Rahim was only the second Pakistani after Khawaja Saeed Hai to make it to Wimbledon's main draw. After reaching the Wimbledon Junior Boys singles quarterfinals twice (1965 and 1967) he went on to play in several Grand Slams, in both singles and doubles.

He won twelve tour titles on the ILTF World Circuit including the Ojai Championships the Northumberland Championships and Cranleigh Open all in 1969.

In 1970, he won the U.S. National Amateur Grass Court Championships and the March of Dimes Open against Jimmy Connors.

In 1971, he won the Palm Springs International.

Rahim also won two ATP titles, the first at the Arkansas International in Little Rock against former Wimbledon runner up Alex Metreveli of the Soviet Union and then the second at National Tennis Foundation Open in Cleveland against Colin Dibley, both in 1976.

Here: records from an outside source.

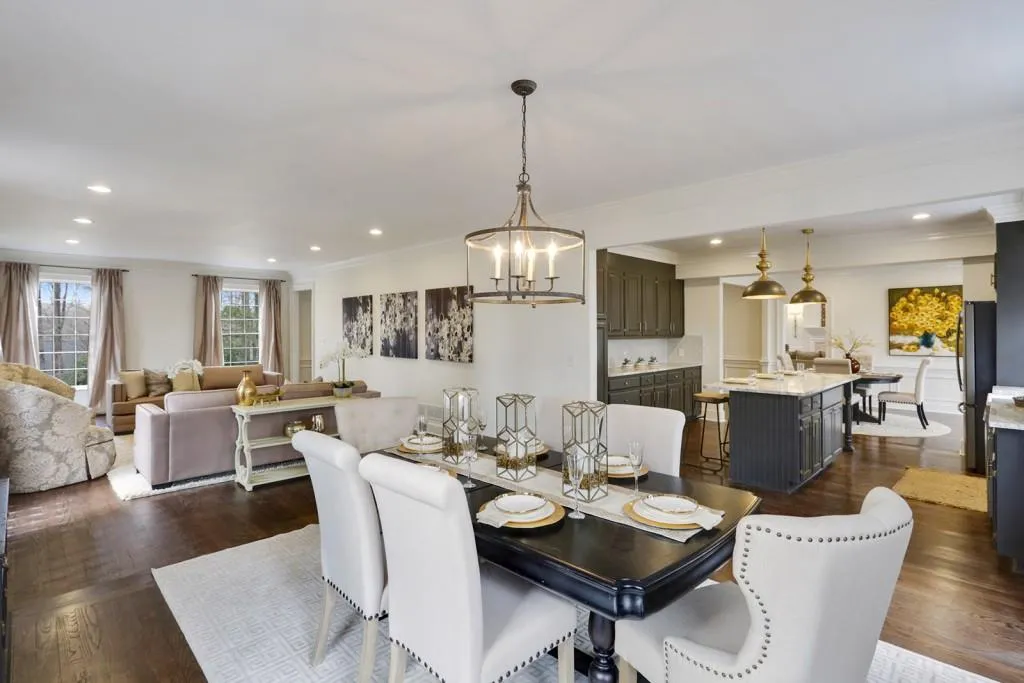 3000 River North Parkway, Sandy Springs, Georgia 30328, 5 Bedrooms Bedrooms, ,4 BathroomsBathrooms,Residential,Sold,3000 River North Parkway,5984336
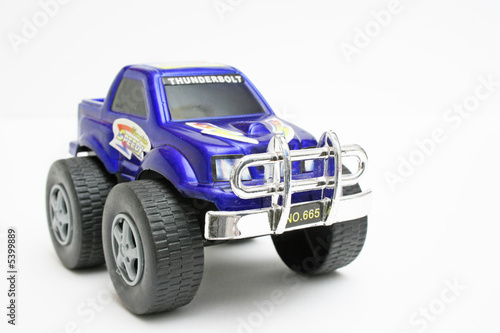 Toy car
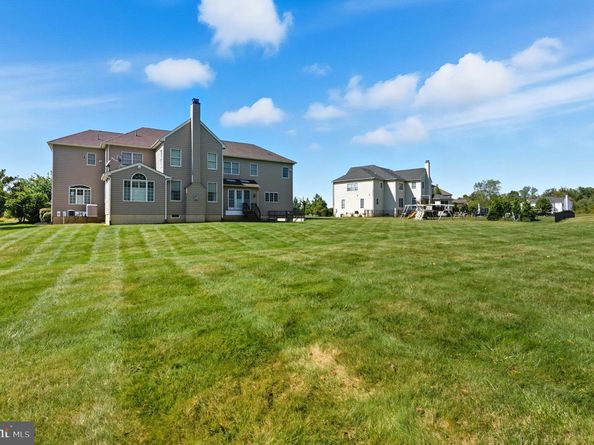 288 Jane Chapman Drive E E, Newtown PA 18940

He lost a final to Spanish US Open winner and French Open finalist Manuel Orantes. He won three doubles titles, at Oslo in 1974, North Conway in 1975, and Little Rock in 1978. In men's doubles at Grand Slam events, he made it to the quarterfinals of the US Open, the third round of Wimbledon, and the second round of the French Open.

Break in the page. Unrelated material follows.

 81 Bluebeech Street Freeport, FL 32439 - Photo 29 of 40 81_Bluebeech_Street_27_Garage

Rahim is the winner of one of the closest matches ever played when he beat Tom Gorman 6–7^{(3–5)}, 7–6^{(5–1)}, 7–6^{(5–4)} at the Pennsylvania Lawn Tennis Championships. As both players never lost their serve, each set went to a tie break with Haroon winning the match by just one point.

He played his last tour event at the Surrey Hard Court Championships on clay in 1978.

Last known to be in the U.S., Haroon retired from tennis at age 29, severed contact with his family, and his whereabouts are unknown.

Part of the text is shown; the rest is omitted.